Information provided
=-=-=-=-=

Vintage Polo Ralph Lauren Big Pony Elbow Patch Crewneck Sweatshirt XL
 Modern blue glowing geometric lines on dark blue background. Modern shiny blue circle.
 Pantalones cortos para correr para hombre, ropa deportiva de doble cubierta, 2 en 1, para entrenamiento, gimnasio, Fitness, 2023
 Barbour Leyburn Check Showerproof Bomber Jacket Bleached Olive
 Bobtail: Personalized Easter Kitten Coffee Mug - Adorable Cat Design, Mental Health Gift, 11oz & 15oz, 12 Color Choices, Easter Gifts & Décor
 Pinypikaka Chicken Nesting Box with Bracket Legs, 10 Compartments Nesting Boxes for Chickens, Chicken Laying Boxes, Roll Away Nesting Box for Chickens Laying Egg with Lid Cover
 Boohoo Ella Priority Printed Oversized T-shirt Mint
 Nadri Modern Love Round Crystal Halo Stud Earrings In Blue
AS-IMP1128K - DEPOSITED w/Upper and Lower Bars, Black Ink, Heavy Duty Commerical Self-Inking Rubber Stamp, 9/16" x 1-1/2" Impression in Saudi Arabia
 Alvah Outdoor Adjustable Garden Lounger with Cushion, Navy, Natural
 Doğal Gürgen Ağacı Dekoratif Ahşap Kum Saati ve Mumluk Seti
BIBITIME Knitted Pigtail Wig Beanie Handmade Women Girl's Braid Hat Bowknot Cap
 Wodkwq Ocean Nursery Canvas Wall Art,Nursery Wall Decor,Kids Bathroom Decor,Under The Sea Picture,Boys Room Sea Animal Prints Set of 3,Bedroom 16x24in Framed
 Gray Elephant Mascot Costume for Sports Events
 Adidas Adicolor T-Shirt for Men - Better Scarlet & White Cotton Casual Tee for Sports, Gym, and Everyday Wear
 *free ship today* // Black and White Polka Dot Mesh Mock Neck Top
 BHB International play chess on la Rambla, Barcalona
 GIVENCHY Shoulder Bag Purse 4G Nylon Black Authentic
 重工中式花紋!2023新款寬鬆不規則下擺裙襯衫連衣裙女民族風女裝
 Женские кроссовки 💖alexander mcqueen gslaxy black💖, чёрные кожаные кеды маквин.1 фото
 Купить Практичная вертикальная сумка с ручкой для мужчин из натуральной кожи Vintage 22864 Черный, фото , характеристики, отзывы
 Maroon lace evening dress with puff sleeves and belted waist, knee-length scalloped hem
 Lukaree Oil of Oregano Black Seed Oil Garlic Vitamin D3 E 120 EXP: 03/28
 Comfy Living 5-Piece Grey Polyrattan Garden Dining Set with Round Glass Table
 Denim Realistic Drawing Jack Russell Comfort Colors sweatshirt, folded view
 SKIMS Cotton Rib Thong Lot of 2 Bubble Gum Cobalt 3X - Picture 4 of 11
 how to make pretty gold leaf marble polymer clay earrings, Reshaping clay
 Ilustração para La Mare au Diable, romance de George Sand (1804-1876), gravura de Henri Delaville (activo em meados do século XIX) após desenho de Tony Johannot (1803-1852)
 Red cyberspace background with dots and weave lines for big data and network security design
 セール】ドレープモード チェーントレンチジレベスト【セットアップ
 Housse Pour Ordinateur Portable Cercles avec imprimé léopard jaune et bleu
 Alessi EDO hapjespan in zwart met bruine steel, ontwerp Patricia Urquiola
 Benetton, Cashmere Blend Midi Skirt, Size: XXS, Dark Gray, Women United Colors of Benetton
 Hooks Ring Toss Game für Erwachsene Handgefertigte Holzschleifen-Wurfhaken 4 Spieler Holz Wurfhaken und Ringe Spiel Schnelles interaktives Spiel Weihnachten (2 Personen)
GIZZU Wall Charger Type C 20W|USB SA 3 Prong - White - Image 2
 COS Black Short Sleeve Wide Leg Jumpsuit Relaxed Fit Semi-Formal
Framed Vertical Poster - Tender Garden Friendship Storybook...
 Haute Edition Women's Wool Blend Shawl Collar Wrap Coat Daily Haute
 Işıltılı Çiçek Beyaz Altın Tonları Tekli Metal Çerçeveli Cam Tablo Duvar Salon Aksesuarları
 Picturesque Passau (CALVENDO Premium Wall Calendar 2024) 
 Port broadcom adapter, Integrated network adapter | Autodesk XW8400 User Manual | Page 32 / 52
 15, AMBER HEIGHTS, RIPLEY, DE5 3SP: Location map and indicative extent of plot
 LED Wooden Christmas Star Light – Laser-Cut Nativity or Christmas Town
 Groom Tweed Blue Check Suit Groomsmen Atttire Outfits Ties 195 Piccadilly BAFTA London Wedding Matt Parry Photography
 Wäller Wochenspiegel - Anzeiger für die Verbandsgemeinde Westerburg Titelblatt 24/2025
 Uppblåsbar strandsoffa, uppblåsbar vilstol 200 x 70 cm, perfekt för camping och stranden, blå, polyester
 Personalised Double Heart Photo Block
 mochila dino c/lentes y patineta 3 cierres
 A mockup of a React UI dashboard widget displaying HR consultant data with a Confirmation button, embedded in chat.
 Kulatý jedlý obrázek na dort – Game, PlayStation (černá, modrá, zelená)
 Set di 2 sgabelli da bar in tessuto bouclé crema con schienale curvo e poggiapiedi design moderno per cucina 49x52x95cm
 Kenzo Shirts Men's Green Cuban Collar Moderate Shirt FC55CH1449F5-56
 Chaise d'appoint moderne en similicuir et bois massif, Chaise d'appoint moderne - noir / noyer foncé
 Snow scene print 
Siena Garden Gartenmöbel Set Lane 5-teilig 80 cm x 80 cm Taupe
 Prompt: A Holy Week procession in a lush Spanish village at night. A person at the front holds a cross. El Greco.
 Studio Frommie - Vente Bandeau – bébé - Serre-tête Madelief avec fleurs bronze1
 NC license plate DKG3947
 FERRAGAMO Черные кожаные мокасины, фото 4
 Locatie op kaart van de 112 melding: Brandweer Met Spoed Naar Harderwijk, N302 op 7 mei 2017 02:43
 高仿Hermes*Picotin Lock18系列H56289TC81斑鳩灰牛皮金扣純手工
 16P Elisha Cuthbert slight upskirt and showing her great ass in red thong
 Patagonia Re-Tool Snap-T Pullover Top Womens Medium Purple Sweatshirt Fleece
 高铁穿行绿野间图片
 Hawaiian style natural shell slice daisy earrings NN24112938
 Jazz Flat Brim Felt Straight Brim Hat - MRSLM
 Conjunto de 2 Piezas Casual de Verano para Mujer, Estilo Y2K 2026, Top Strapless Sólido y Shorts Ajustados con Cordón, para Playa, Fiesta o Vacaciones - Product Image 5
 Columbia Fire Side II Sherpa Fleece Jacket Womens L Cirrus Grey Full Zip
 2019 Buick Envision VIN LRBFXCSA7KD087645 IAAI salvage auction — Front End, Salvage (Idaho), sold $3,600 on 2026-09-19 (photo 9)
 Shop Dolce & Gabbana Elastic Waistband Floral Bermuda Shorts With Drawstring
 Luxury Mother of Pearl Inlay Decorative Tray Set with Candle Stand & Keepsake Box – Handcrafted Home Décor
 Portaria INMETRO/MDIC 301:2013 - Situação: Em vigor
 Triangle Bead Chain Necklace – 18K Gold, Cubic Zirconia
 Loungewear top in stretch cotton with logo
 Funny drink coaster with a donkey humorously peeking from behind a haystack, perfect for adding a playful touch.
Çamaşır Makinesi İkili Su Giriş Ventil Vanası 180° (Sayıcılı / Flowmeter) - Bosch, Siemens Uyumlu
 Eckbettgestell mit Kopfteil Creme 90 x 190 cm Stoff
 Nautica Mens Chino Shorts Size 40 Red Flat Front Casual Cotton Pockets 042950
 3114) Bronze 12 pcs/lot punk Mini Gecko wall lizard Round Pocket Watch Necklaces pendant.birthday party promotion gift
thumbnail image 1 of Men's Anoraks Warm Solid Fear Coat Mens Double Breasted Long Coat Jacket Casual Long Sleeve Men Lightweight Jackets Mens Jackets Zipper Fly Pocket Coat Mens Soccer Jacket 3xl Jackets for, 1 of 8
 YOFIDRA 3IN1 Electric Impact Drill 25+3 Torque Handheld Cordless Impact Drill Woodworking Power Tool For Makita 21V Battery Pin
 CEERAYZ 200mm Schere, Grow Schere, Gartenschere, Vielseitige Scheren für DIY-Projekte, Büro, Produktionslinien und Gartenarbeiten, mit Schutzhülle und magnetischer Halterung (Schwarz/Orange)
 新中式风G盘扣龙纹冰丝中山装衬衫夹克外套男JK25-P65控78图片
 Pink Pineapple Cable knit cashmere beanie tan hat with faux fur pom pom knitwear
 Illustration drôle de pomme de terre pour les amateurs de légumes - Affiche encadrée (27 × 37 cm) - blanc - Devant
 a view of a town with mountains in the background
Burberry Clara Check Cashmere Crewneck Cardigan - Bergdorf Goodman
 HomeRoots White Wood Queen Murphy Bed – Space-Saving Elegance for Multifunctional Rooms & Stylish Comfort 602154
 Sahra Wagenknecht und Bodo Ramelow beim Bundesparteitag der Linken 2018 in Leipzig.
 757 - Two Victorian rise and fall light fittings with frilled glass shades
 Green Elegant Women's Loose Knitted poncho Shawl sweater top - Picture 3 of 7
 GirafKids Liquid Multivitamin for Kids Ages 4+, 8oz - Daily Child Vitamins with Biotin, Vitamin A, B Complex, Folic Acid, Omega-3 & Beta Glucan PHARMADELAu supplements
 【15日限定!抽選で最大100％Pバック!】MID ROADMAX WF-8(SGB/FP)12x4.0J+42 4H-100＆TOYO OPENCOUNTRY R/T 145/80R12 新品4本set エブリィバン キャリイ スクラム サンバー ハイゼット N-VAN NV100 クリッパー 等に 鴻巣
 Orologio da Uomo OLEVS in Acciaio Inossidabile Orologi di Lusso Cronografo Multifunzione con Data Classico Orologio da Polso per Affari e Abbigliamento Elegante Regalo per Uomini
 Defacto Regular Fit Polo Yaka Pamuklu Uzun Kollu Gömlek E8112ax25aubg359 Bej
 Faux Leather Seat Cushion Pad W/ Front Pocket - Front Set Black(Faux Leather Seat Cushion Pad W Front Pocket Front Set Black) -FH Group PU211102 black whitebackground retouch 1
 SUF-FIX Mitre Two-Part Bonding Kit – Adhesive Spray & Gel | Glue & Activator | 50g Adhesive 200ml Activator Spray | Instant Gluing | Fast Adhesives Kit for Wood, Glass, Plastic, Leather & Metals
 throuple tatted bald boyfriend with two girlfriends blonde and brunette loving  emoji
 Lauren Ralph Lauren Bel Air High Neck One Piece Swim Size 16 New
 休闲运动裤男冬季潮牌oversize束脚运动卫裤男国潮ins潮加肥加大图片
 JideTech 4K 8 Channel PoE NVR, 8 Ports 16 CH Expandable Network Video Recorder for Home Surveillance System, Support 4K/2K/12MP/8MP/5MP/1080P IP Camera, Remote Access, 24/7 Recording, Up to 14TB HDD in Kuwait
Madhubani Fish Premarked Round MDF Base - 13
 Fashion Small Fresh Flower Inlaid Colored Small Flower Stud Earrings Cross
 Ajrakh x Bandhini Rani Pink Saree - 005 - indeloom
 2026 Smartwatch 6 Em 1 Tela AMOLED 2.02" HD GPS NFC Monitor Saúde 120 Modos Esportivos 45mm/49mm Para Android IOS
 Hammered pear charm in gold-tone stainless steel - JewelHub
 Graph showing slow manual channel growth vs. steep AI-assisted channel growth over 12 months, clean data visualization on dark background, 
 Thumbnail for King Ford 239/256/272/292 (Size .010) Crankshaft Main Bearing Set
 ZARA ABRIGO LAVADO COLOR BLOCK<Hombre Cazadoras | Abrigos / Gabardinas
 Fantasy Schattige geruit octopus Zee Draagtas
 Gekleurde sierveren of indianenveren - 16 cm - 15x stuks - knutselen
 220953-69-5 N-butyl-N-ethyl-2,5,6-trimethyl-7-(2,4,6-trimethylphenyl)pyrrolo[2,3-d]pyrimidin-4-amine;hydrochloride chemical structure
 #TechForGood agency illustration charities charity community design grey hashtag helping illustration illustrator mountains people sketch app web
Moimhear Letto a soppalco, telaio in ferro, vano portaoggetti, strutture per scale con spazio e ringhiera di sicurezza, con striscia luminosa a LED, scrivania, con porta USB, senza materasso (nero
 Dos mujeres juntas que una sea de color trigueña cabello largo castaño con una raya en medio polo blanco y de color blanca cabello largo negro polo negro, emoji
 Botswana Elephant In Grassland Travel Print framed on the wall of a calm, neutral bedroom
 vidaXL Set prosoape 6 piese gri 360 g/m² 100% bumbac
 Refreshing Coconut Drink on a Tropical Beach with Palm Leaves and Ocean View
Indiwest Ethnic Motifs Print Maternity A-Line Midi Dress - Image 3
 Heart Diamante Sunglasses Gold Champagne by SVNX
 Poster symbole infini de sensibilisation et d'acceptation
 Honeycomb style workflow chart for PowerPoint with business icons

=-=-=-=-=

Only the lines from the start of the material through the line bearing "Barbour Leyburn Check" are needed, restated exactly, with both end lines included.

Answer for this exercise
Vintage Polo Ralph Lauren Big Pony Elbow Patch Crewneck Sweatshirt XL
 Modern blue glowing geometric lines on dark blue background. Modern shiny blue circle.
 Pantalones cortos para correr para hombre, ropa deportiva de doble cubierta, 2 en 1, para entrenamiento, gimnasio, Fitness, 2023
 Barbour Leyburn Check Showerproof Bomber Jacket Bleached Olive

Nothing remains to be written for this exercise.